In other words, expect Holmgren to be active this offseason, with a few intriguing names - like Thomas Vanek, Matt Moulson, Joe Thornton, Paul Stastny and Alexander Steen - set to become free agents.
As a whole, these Board of Governor meetings are important for all 30 teams. Each franchise will use the numbers presented to project internal spending budgets for next season. The league's governors are expected to receive an estimate on how much each team will be receiving as part of the new Canadian national television rights package.

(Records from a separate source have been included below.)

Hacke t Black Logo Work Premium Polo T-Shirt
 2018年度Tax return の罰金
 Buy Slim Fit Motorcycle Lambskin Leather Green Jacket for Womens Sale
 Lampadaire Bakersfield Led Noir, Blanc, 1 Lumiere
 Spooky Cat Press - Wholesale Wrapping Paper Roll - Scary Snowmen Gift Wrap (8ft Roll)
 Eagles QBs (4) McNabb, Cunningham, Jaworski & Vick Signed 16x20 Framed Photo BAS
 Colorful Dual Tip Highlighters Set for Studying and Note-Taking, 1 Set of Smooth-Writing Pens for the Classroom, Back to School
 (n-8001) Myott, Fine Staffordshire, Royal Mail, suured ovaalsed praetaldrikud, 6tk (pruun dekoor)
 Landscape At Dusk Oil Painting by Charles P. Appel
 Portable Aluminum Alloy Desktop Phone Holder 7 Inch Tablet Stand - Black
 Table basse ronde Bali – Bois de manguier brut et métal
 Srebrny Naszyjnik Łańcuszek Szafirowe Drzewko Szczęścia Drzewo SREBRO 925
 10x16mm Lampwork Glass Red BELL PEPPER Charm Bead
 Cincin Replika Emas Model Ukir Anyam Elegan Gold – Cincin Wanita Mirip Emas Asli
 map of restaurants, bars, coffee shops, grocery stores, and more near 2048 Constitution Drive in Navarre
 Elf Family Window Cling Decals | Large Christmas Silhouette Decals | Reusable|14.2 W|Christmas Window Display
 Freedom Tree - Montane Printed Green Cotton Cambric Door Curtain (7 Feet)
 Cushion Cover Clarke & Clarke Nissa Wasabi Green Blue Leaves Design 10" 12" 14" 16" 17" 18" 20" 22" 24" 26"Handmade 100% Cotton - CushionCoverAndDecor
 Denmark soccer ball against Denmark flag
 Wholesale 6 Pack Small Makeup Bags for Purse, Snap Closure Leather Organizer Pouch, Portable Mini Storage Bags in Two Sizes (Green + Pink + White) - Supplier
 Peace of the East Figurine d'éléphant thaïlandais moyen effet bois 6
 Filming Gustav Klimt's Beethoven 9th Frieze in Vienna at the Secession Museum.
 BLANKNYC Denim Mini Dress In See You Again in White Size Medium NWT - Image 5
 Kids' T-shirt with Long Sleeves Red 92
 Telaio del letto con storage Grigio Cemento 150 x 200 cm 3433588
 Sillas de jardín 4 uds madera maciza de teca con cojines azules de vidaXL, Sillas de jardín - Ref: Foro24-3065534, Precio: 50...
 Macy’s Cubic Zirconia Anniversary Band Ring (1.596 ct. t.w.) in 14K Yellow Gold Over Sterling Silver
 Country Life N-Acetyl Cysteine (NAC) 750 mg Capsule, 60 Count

TSN's Darren Dreger estimated that the deal would be worth an average of $15 million per team per season in new (essentially free) revenue, minus an "invasion fee" paid to the league's seven Canadian clubs. That number will be multiplied by 10 years.
When the Flyers took the ice for their morning skate yesterday at Canadian Tire Centre, Ray Emery's pads were on the ice-but Emery wasn't the one using them.
Emery needed to take care of an outstanding passport issue, so he was given permission to skip the skate. Goaltending coach Jeff Reese suited up to take shots in practice using Emery's gear. It was sight to be seen, with the 5-foot-9 Reese using the 6-foot-2 Emery's equipment-especially since Reese, playing in the NHL in a different era, wore markedly smaller stuff.